**TASK REQUIREMENTS**. In the listing below, find the line with "Number Line 0 to 20" and the line with "AI-Übersetzung Echtzeit-Risikoprüfung: Bei". Repeat those two lines and all lines between them exactly.

#### INPUT DATA

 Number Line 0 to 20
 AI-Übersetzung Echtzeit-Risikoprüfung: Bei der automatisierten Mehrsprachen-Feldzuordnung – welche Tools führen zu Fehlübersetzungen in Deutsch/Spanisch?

########
#### INPUT DATA

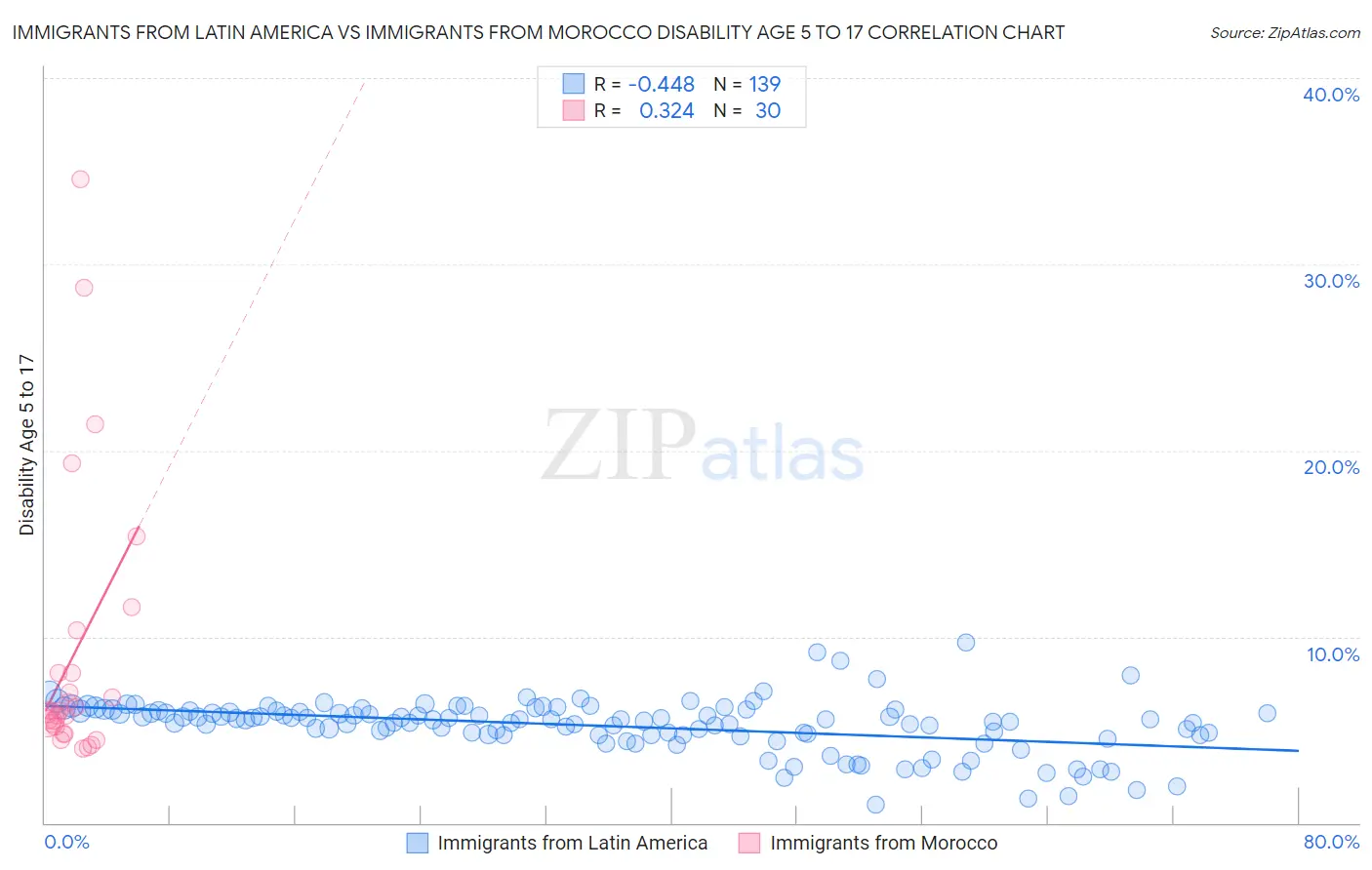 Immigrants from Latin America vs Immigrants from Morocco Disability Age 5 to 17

########

**WRITTEN ANSWER**.
 Number Line 0 to 20
 AI-Übersetzung Echtzeit-Risikoprüfung: Bei der automatisierten Mehrsprachen-Feldzuordnung – welche Tools führen zu Fehlübersetzungen in Deutsch/Spanisch?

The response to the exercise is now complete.